Junior ISA 2017 Guide

Junior ISA 2017 Guide

Parents and guardians can open Junior ISA accounts for their children and invest on their behalf to make the most of their annual allowance.

The ISA limit for children is much lower than the adult limits of £15,240 for this tax year and £20,000 for the next tax year.

Danny Cox, a chartered financial planner at Hargreaves Lansdown, said: “You can open a Junior ISA for your children and invest up to £4,080 in this tax year and £4,128 in the next tax year.

“Once opened anyone can pay into a Junior ISA as long as the overall limit is not exceeded. Junior ISA are very popular ways for grandparents to save for their children.”
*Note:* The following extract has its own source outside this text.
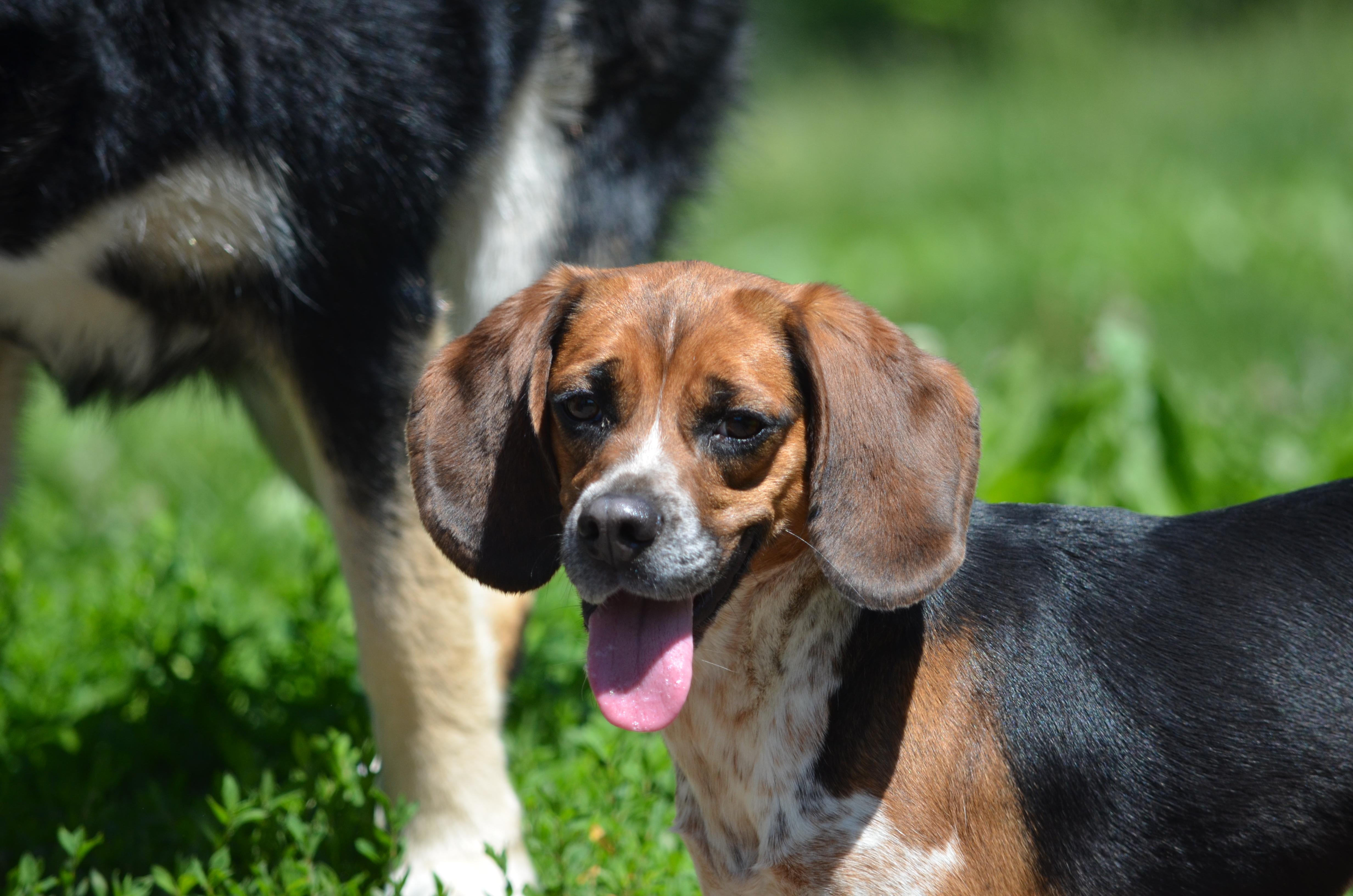 Posie, an adopted Beagle in Amissville, VA image 4/4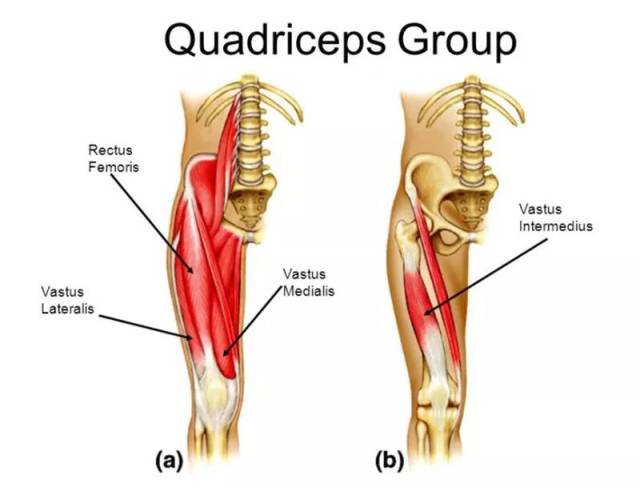 股四头肌是由股直肌,股中间肌,股内侧肌,股外侧肌组成,是维持膝关节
In a similar way to adult ISAs, you can invest in cash or stocks and shares or a combination of the two.

But your children will not be able to access the money that you invest for them until they reach the age of 18.

From the age of 18 onwards, young adults can withdraw the money from their Junior ISAs and can spend it how they wish.

Once young people reach the age of 18, they can open a lifetime ISA to save towards their first home or retirement.

Alternatively, they could choose a Help to Buy ISA, standard adult ISA or even a new Innovative Finance ISA which includes peer-to-peer loans.

Savers cannot carry the current tax year’s Junior ISA annual allowance over to the next tax year, which begins on April 6 2017.

This means that if you do not take action before the last day of the tax year - April 5 - then your child’s allowance will be gone for good.